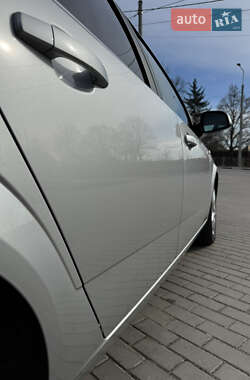 Универсал Opel Astra 2010 в 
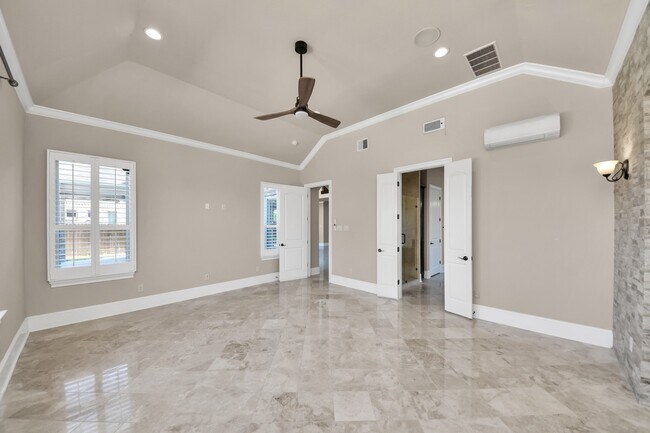 Building Photo - 25627 Fleming Lodge Ln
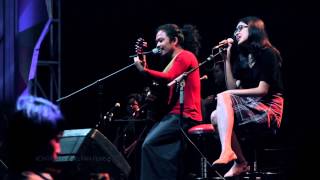 Mari Bercerita  Payung Teduh feat Icha [upl. by Iey]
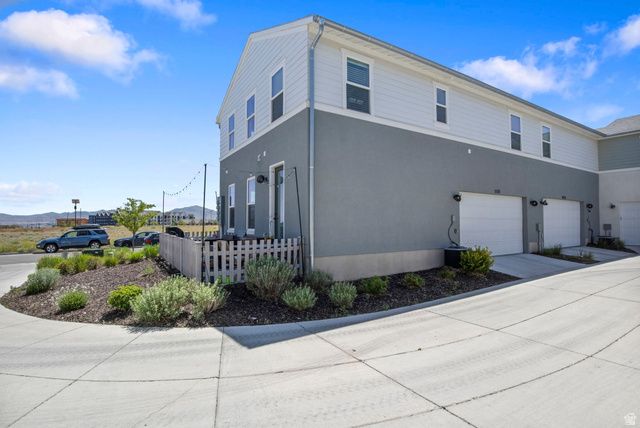 5522 W BURNTSIDE AVE, South Jordan, UT 84009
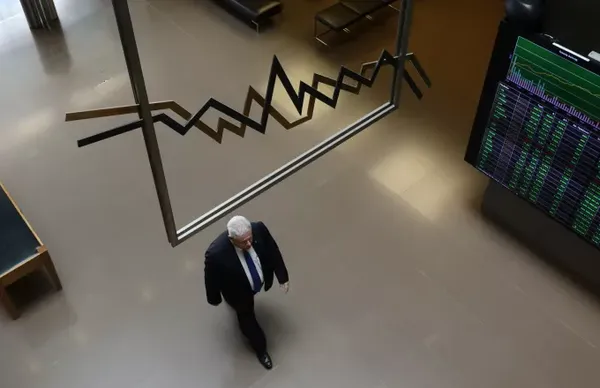 Πλήγμα στο Χρηματιστήριο Αθηνών από το sell off που προκάλεσε η Credit Suisse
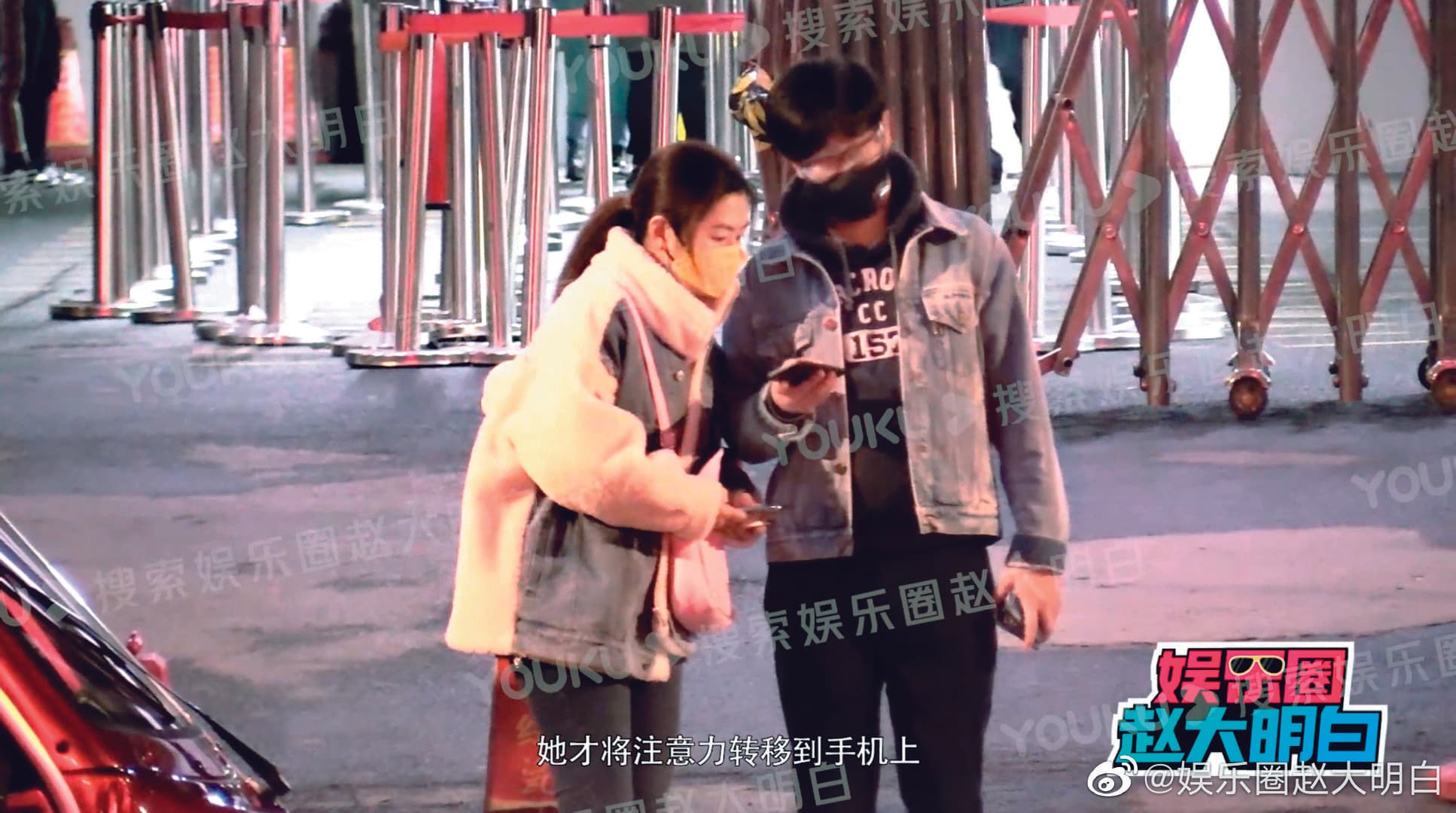 Selina與小男友互動相當親暱。（翻攝自娛樂圈趙大明白微博）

**Exercise brief:**
When you reach the line that contains "Πλήγμα στο Χρηματιστήριο" in the records above, copy it and every line after it exactly through the last one, leaving out the pictures.

**Result for this task:**
 Πλήγμα στο Χρηματιστήριο Αθηνών από το sell off που προκάλεσε η Credit Suisse
 Selina與小男友互動相當親暱。（翻攝自娛樂圈趙大明白微博）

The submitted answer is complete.